According to the World Health Organization (WHO) one major driver of climate change around the world, and especially in India, is the 3 billion people who cook on open fires with dirty fuels like wood, dung and coal. The dark smoke particles produced by these fuels absorb sunlight and contribute to global warming, but it's unclear if petroleum-based fuels would reduce global warming.

The biomass fuels Indians cook with also pose significant health risks to the women who typically spend long periods inside small smoky rooms preparing meals. Globally, WHO attributes 4.3 million premature deaths, mostly of children, to the household air pollution caused by biomass fuels. The inhalation of smoke and soot causes pneumonia, strokes, heart disease, chronic obstructive pulmonary disease and lung cancer.

Switching the 55 percent of India's population using these biofuels over to liquefied petroleum gas, the most accessible alternative in India, would have dramatic health benefits, but might not help reduce carbon emissions. The New York Times reported this week that switching Indians to gas might actually increase carbon emissions slightly.

Kirk Smith, a professor of global environmental health at the University of California, Berkeley, told the Times that it would be wrong that the worlds poor should bear the burden of lowering carbon emissions when essentially minuscule increases would have such huge benefits.

Smith argued that the health benefits of replacing biomass fuels with something safer outweighed the possible detriment to the climate especially when compared to the carbon emitted by the United States. It is not the cooking of the poor that threatens the climate, it is you and me, he said.

In 2010, Hillary Clinton said that providing poor women clean cook stoves could be as transformative as bed nets or even vaccines, according to The Washington Post.

Regardless of the good intentions of efforts to provide poor communities in developing countries with alternative fuel appliances, convincing people to change their traditional cooking methods has been a difficult task, and most Indians may continue using biomass fuels for some time.

Three decades of efforts to promote both modern fuels and improved biomass stoves have seen only sporadic success, says a World Bank report published last year.

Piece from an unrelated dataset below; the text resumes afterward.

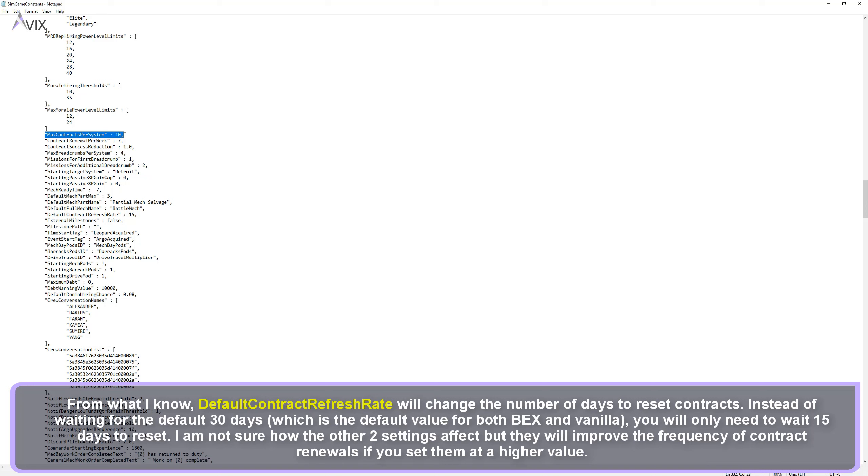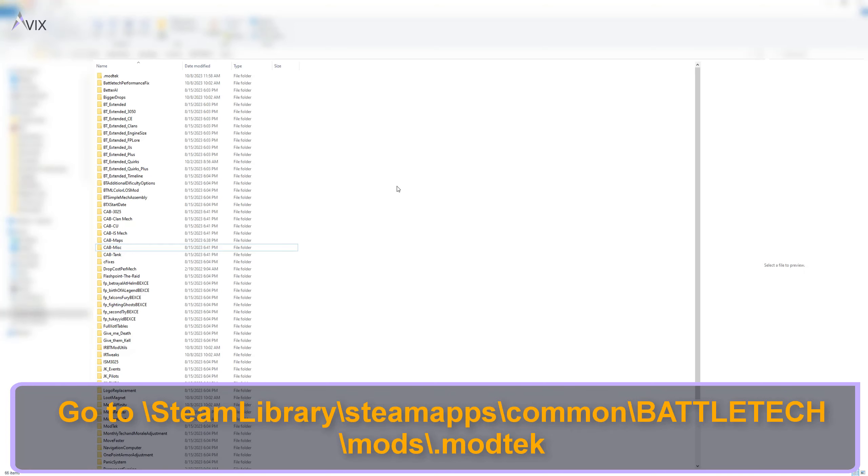From what I know, default contract refresh rate will change the number of days to reset contracts. Instead of waiting for the default 30 days, which is the default value for both BEX and vanilla, you will only need to wait 15 days to reset. I am not sure how the other two settings affect but they will improve the frequency of contract renewals if you set them at a higher value.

Cultural preference has been one setback to implementing the new technology. The Stockholm Environment Institute surveyed Indian women who said they preferred to cook with a clay oven using a mix of firewood and dung because of the taste the fuels leave on the food.

Women who do adopt the new cook stoves tend to continue using biomass fuels in addition to the new technology. "The exclusive use of new stove technologies in homes has been rare, according to researchers.

Another challenge is affordability of stoves and their fuel. Ample labor and time make gathering biomass fuels cheap in rural India. Liquefied petroleum gas fuels, on the other hand, are expensive and often unavailable in remote areas.

This is where stoves have always struggled, the director of the Mulago Foundation, Kevin Starr, told the Post. The affordable ones are inadequate, and the good ones are unaffordable.